Hal abaissa son pantalon et son caleçon alors que Cius s'agenouillait face à lui.
Evidemment, pour que cet instant soit encore plus drôle, rien de tel que d'ajouter une troisième personne qui passait par là par hasard, qui surprend l'étrange scène et se méprend sur la nature de celle-ci :
Harry se baladait dans le Manoir à la recherche de Ginny, car il voulait aller se promener avec elle dans les bois et cueillir des fleurs des champs en lui tenant la main. Malheureusement pour lui, il eut la mauvaise idée d'aller dans la salle de bain, et il découvrit Cius à genoux à mi-hauteur d'homme, les yeux fixés sur Hal qui faisait prendre l'air à ses parties intimes. Cette vision lui inspira un commentaire plein d'éloquence :
—…
— C'est pas ce que tu crois, Lui dit Cius, Je suis en train de lui réchauffer les couilles !

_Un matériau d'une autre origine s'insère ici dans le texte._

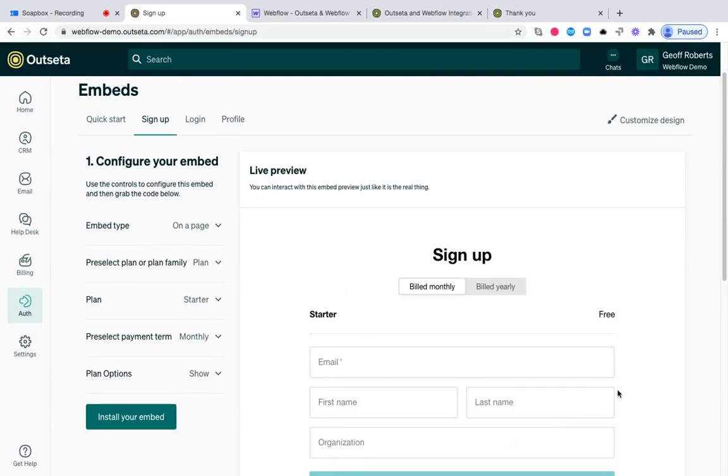That's the process of integrating our signup, login, and profile widgets. If you need any help with this at all, please email us at support at Outseta.com. Thanks so much.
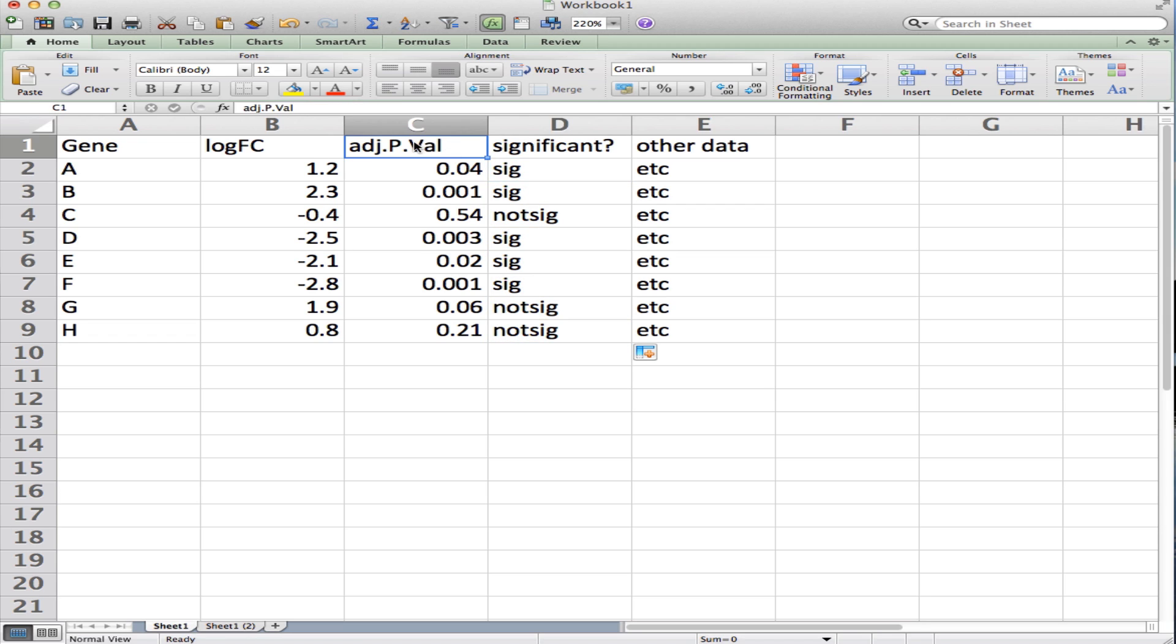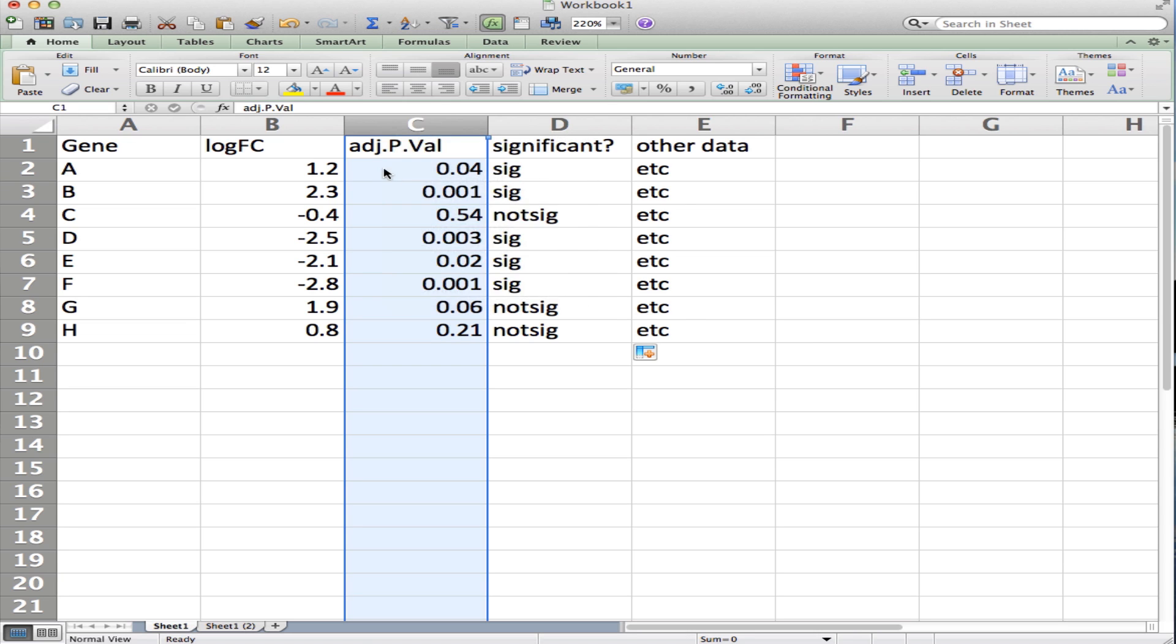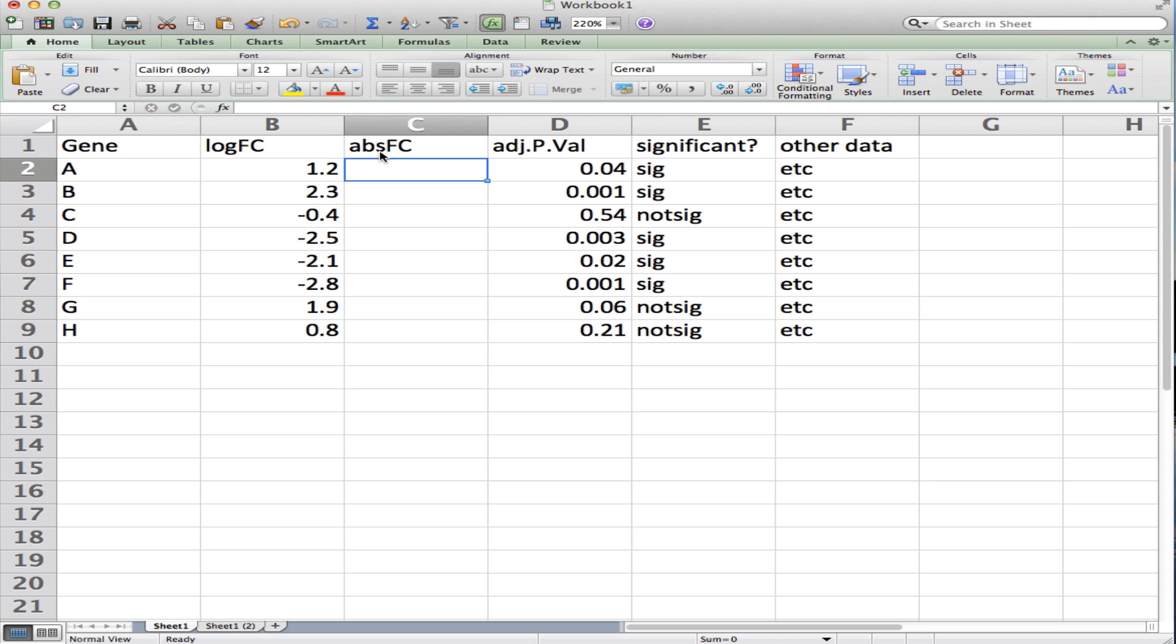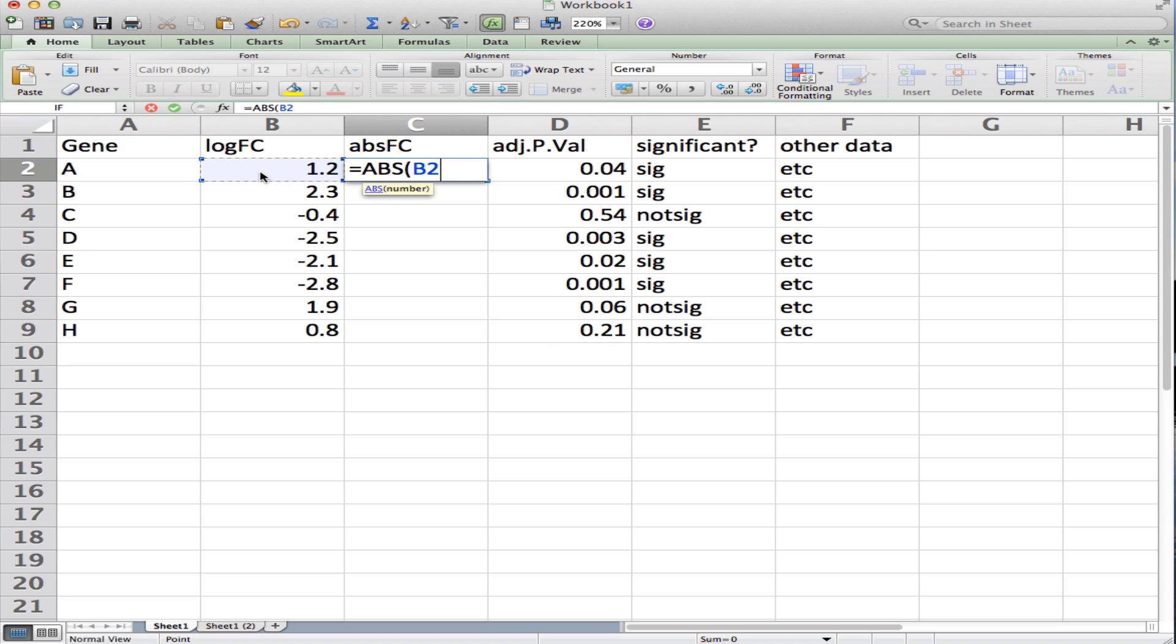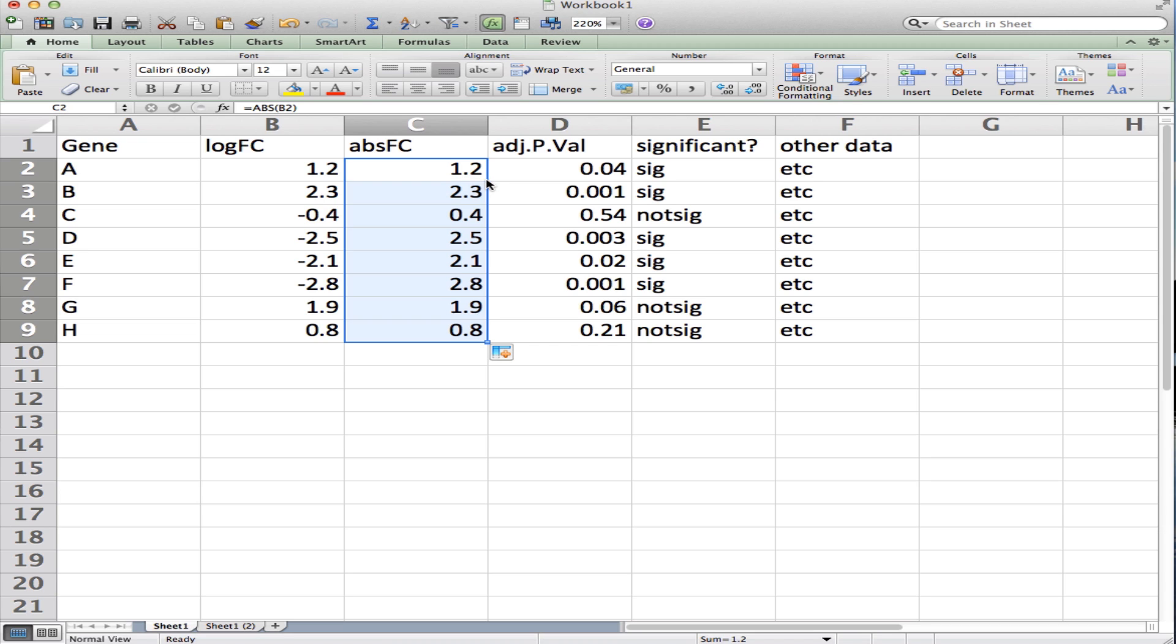Let's create another column here—we'll insert it here and we'll call this the absolute value of the fold change. So here I'll do something similar: I'll say equals ABS, which is the formula for absolute value, open a parentheses, I'll click on cell B1 which is the fold change, close the parenthesis and hit enter. Again, I'll click on the box and double-click the corner which will copy everything down.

—Salut Gary, Fit Hal en lui adressant un geste de la main, Ne te fies pas à ce que tu vois, les apparences sont trompeuses !
—Euh…
—Oui : c'est le froid qui fait tout rétrécir, en temps normal, c'est beaucoup plus grand !
—Je ne veux pas en savoir plus ! Décréta Harry avant de s'en retourner en quête de sa mie.
oOoOOOoOo
Ce fut cependant sur ses deux amis de toujours qu'il tomba en allant jeter un œil dans le salon. Avec un timing parfait, Ron y pénétra deux secondes plus tard, visiblement tracassé par quelque chose, et deux secondes supplémentaires marquèrent l'apparition de la tête d'Hermione dans la cheminée. Après s'être brièvement salués, ils se mirent à parler tous les trois en même temps, chacun jugeant son problème plus important que celui des deux autres:
—La mère de Blaise est un monstre!
—Narcissa est bizarre!
—Hal et Cius sont des pervers!
—Elle veut ma mort, on dirait!
—Elle a essayé de me sauter dessus hier et Draco s'en fiche!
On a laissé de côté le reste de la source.